- Nicknames: Pattambakkam & pattam
- Melpattambakkam Location within Tamil Nadu
- Coordinates: 11°48′24″N 79°38′22″E﻿ / ﻿11.80667°N 79.63944°E
- Country: India
- State: Tamil Nadu
- District: Cuddalore

Area
- • Total: 5.67 km^{2} (2.19 sq mi)

Population (2011)
- • Total: 6,887
- • Density: 1,210/km^{2} (3,150/sq mi)

Languages
- • Official: Tamil
- Time zone: UTC+5:30 (IST)
- Postal code: 607104

= Melpattampakkam =

Town in Tamil Nadu, India

Melpattampakkam is a panchayat town in Cuddalore district in the Indian state of Tamil Nadu.

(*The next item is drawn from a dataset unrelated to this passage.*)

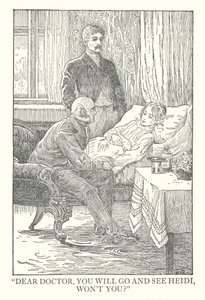 Illustratie voor Heidi door Johanna Spyri door Louis John Rhead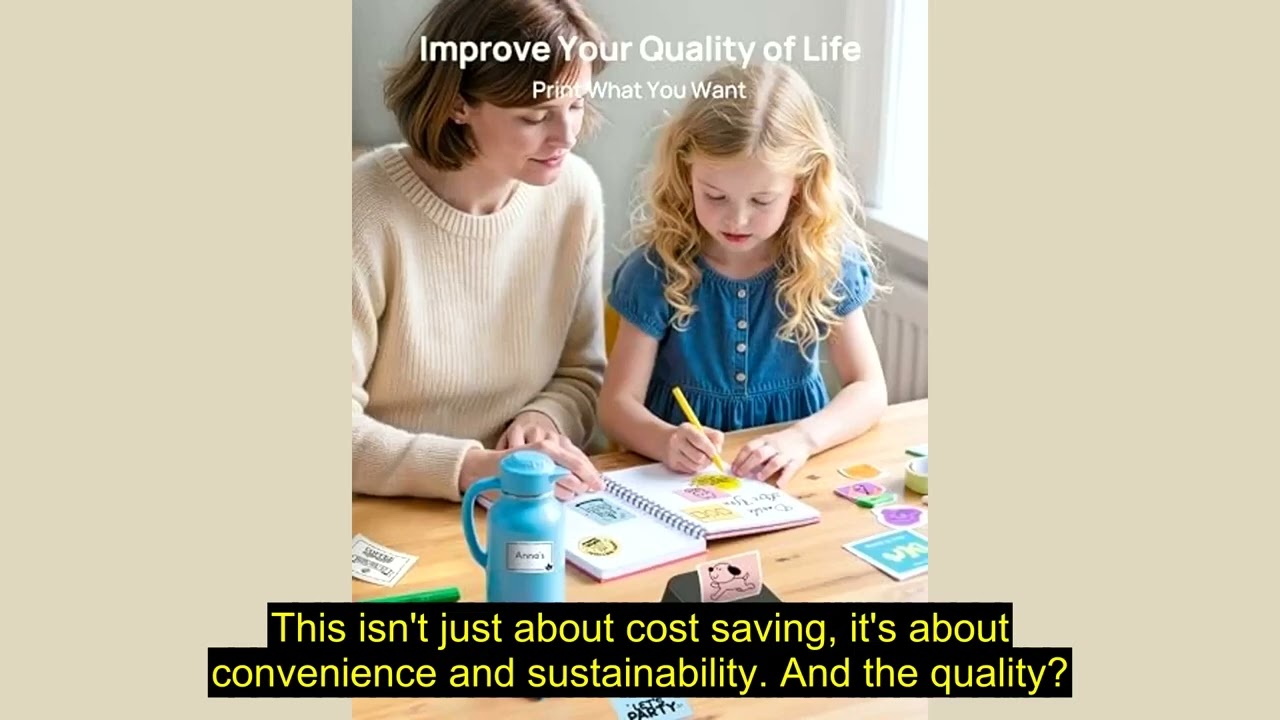 ETIKEZ PM260 Label Maker – Inkless, Portable Bluetooth Printer for Home & Office Organization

As of the 2011 India census, Melpattampakkam had a population of 6,887 with 3,475 males and 3,412 females. Out of the total population, 9.43 per cent is under six years of age.

== Religion ==
The city has six temples, along with a mosque and a church.

== Schools ==
- Govt. High School.
- Panchayat Union Middle School.
- Panchayat Union Primary School, Nathamedu.
- Panchayat Union Primary School (Boys).
- Girls Christian Higher Secondary School.
- Ananda matriculation school.
- St. Dominic Matriculation High School.

==Transportation==

=== Road Transport ===
Melpattampakkam has a robust road network. Frequent buses are available to nearby localities such as Nellikuppam, Panruti and Villupuram. State Highway SH-9 connects Cuddalore, Villupuram, Thiruvannamalai and Vellore districts passes through Melpattampakkam.

===Airports===
The most neighbouring airport is in Neyveli Airport And Puducherry - Pondicherry Airport - at a distance of 42.2 kilometres. Spicejet operates regular flights connecting Puducherry to Hyderabad.

=== Railways ===
Melpattampakkam has a railway station - station code MBU. It is under the control of the Tiruchirappalli Division of the Southern Railway zone of the Indian Railways. Trains running between,(Mainline Section) Tiruchirappalli, Mayiladuthurai, Cuddalore and Villupuram pass through this station.